March was a bit of a slow month for me in terms of reading. I did manage to read three books, and while that’s nice, it puts me short of my goal of reading one book per week. I blame that on the book I’m writing, partially, but also because March was a crazy month in general. Oh, and the fact that I’ve been reading tons of Calvin and Hobbes. Hopefully I’ll do better in April.

Here’s March’s Booket List:

The Night Circus, by Erin Morgenstern

The Night Circus

I try to use the word masterpiece as sparingly as possible when it comes to any form of entertainment, but I have no qualms about dishing it out lavishly upon The Night Circus. A book about magic, imagination, love, revenge and regret, The Night Circus is a meticulously crafted story that spans decades, hops back and forth across time periods and back and forth between narrators, and does it all like clockwork.

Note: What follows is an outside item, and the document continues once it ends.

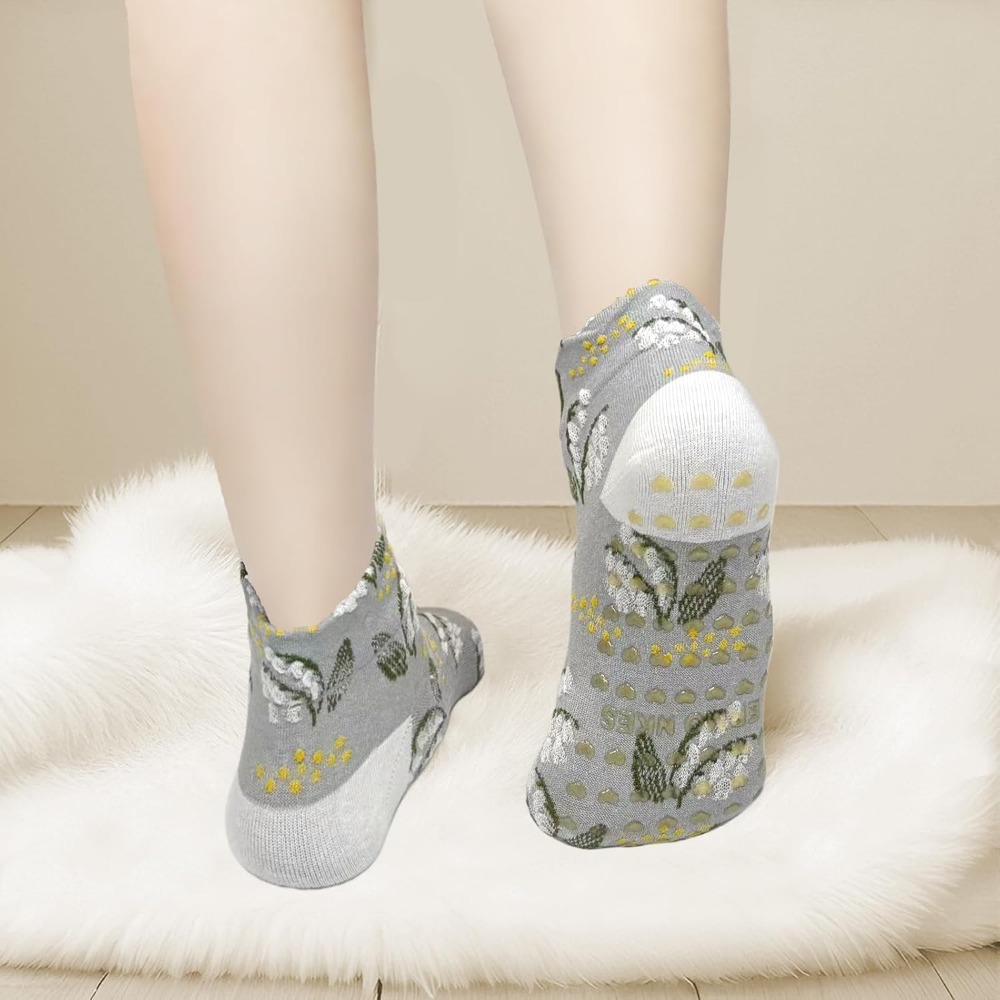 ถุงเท้าโยคะลายดอกไม้สำหรับผู้ห - Yoga Fitness Wear บทวิจารณ์และราคา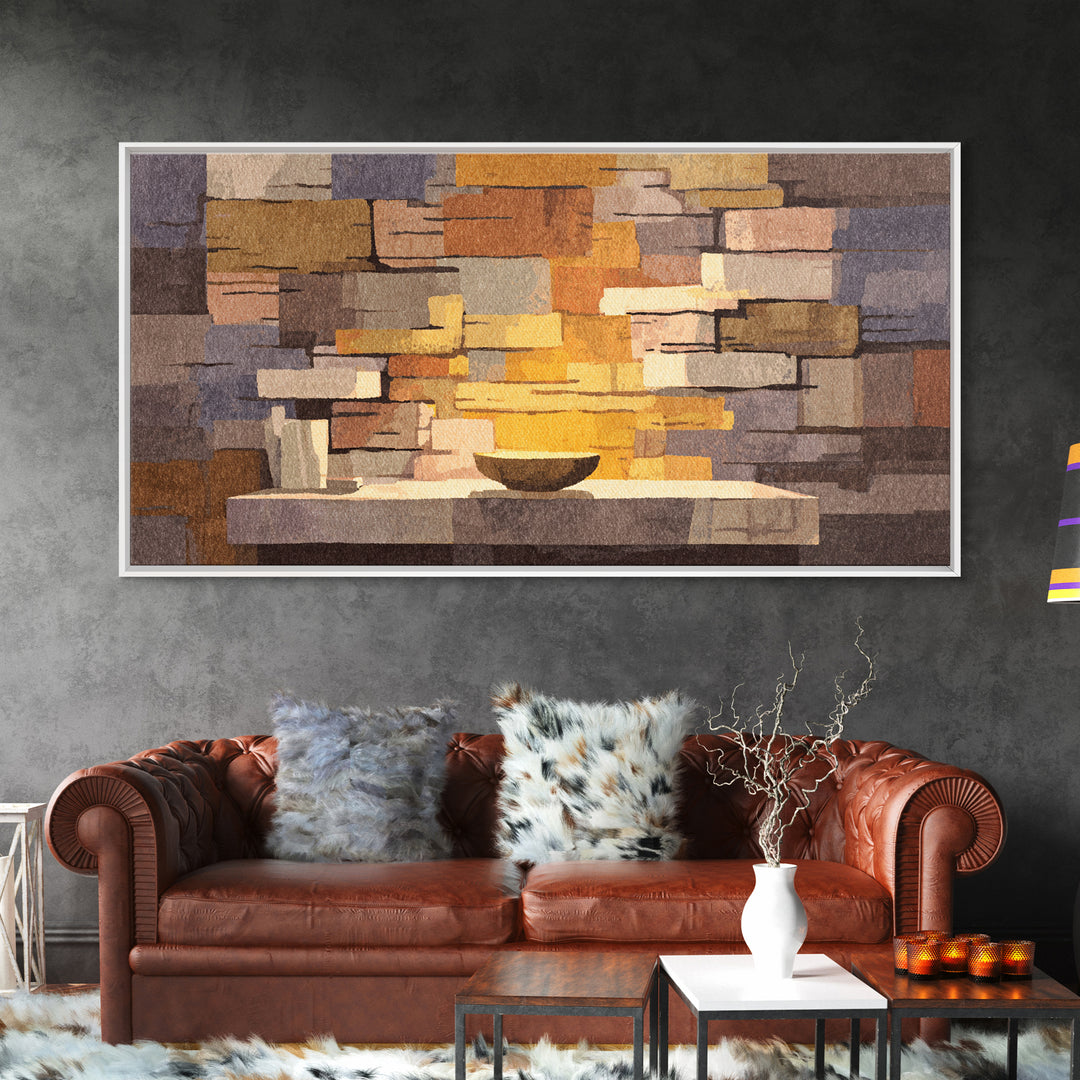 Abstract Stone Fireplace Wall Art, Midcentury Modern Home Decor, Warm Geometric Canvas Print, Cozy Living Room Artwork Poster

The story follows two young magicians, who have been entered into a competition of sorts with one another by cruel masters that oversee them. The terms of the competition are a mystery, but all each champion knows is that the venue for this challenge is a fantastical, mystical Night Circus, which challenges onlookers’ imaginations and wins their hearts night after night. Over several years, the magicians create amazing feats of wizardry and ingenuity, and the resulting tale is particularly spellbinding. Seriously, read this book. And do it before the inevitable movie comes out, which will not be nearly as good.

The Girl of Fire and Thorns, by Rae Carson

The Girl of Fire and Thorns

If you keep up with this place at all, you’ll know that I’ve said most of what I have to say about the excellent Girl of Fire and Thorns already. However, I will add that this young adult fantasy is a great example of how to make fantasy entertaining without being overwhelming, and one of the great titles that shows off how great young adult readers have it when it comes to main characters. Elisa moves from fat princess to uber heroine over a few hundred pages, and it’s an epic little jaunt from point A to point B.

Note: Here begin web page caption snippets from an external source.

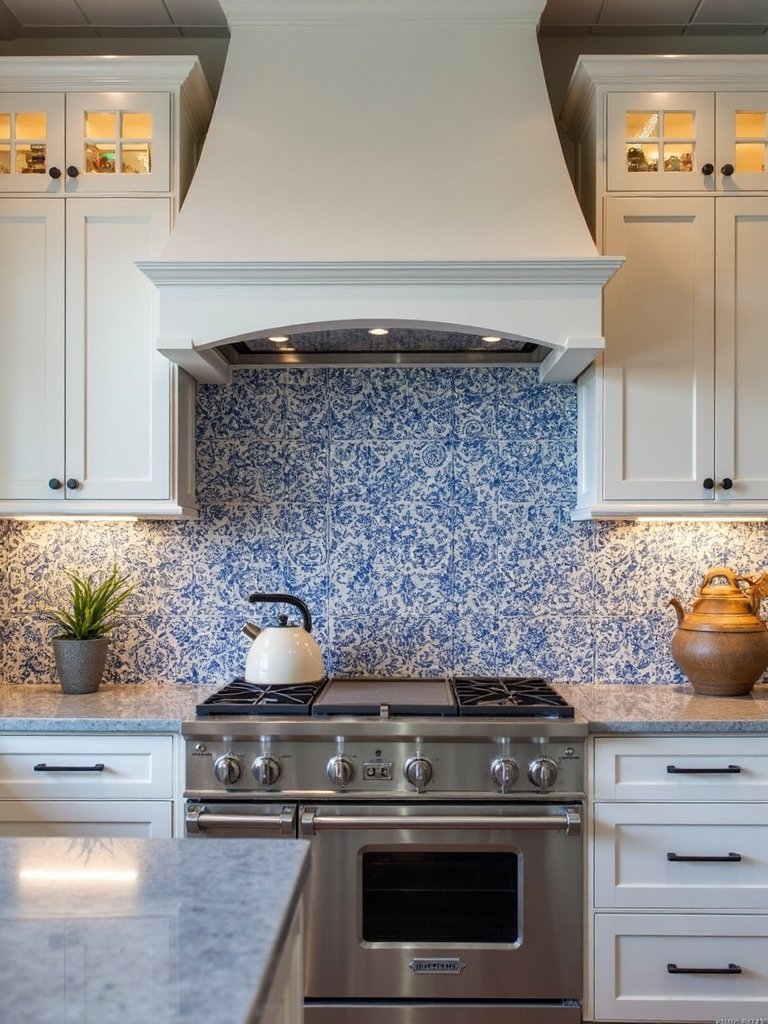 unique artistic kitchen tiles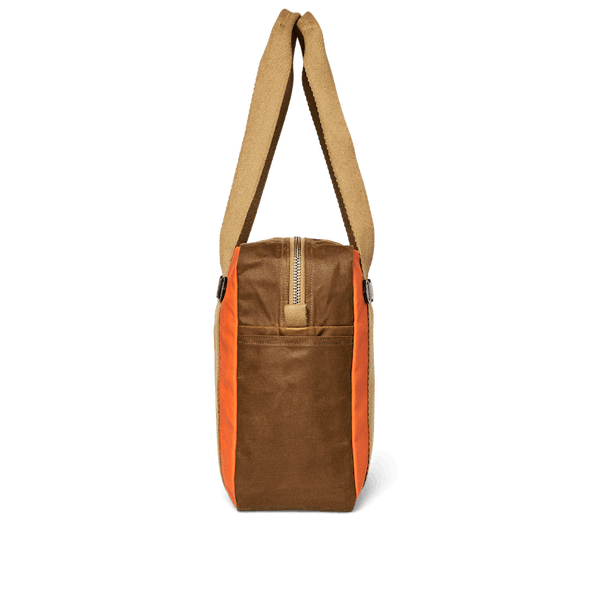 Filson Tin Cloth Zipper Tote Bag in Dark Tan/Flame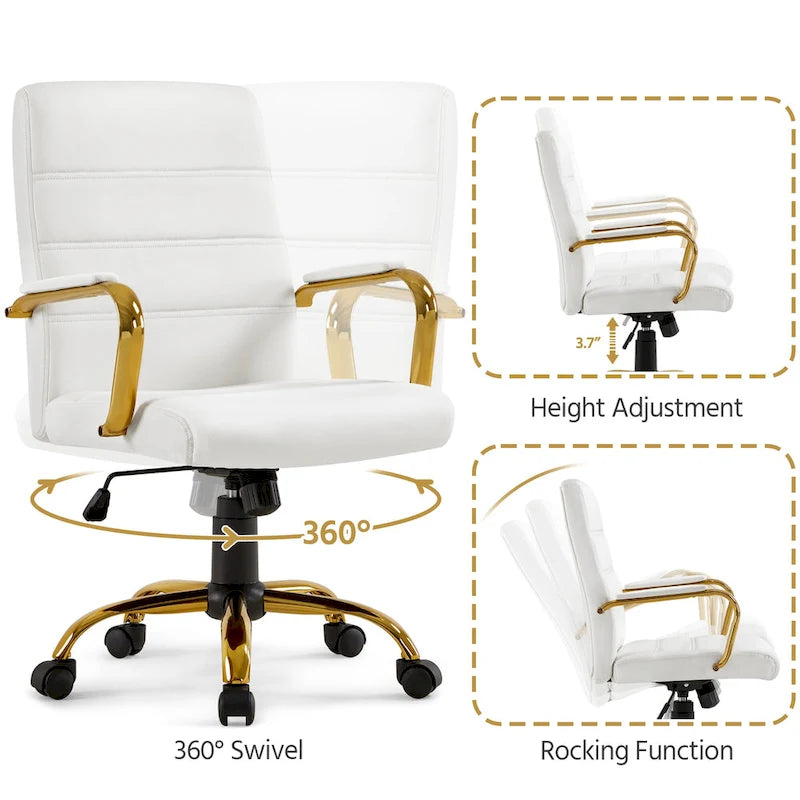 Chaise de bureau blanche mi-hauteur avec structure dorée, cuir synthétique, 1 personne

Behemoth, by Scott Westerfeld


Behemoth, the second book in the Leviathan trilogy, an alternate history/steampunk take on World War I, picks up almost where the first book left off. What I loved most of all about returning to these characters was the very thing the first book teased at for so long — the way the two mains play off of one another. Whereas in Leviathan Prince Alek and Mister Deryn Sharp (a young lady disguising herself as a boy in order to be in the royal navy) spend the whole novel apart, here they are thrust together as the war picks up in ferocity. There are secret missions, new creatures, Tesla cannons (yes, they’re awesome), Turkish rebels and then some.

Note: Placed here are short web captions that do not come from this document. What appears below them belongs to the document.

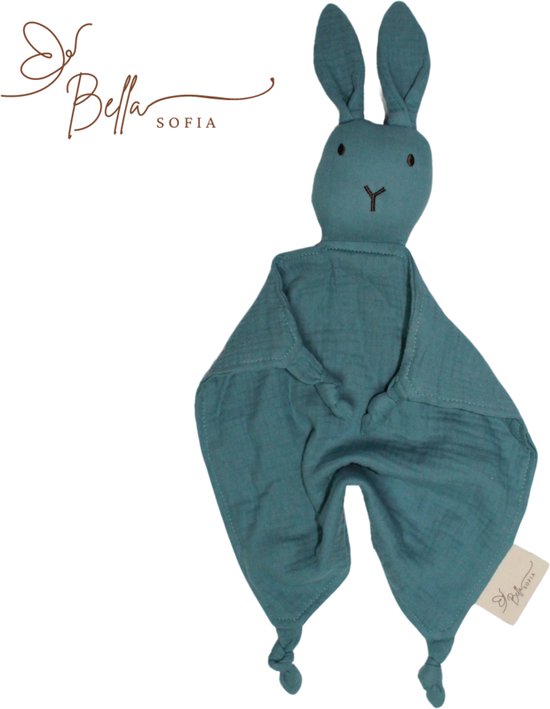 Bella Sofia® - Soof het Knuffelkonijn – Knuffeldoekje Blauw – Biologisch Katoenen Hydrofiel Speendoekje – Perfect Kraamcadeau – Babyshower Cadeau – Veilig Baby Speelgoed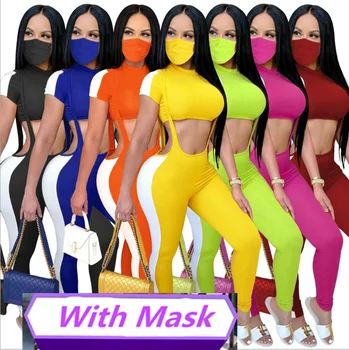 

Women Tracksuits Two Pieces Set Mask Crop Top Spaghetti Strap Pants 2 Pieces Set Ribbed Sports Suit Ladies Outdoor Wear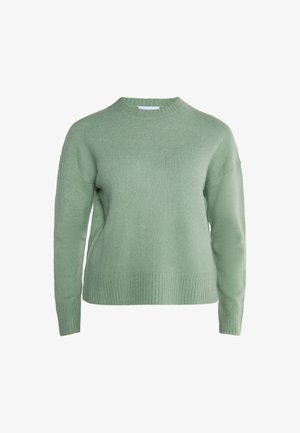 Gaiši zaļš adīts džemperis ar ribotu apakšmalu, apaļu kaklu un garām piedurknēm. Mīksta tekstūra, brīvs piegriezums, bez redzamām rakstu vai detaļām.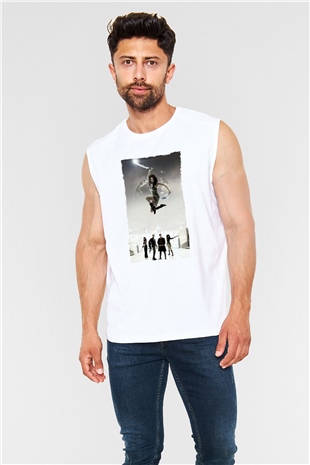 Unisex Serenity Baskılı Beyaz Kolsuz Tişört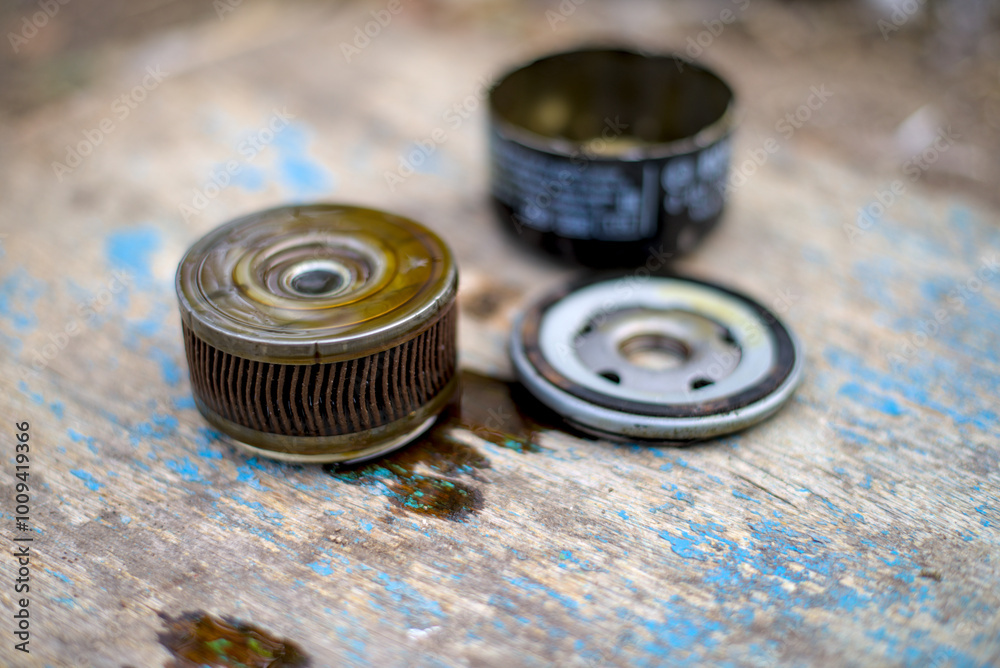 Photo of disassembled oil filter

Behemoth is one of those great sequels that expands the world of the first book and kicks everything into a new gear. If you love history and steampunk anything, I heartily recommend it.


So there’s the Booket List for March. In April, I’ll be reading Crown of Embers, the sequel to Girl of Fire and Thorns, as well as a monster of a book by Stephen King. Hmm, on second though, April might be a slow month as well.

What other books should I read next?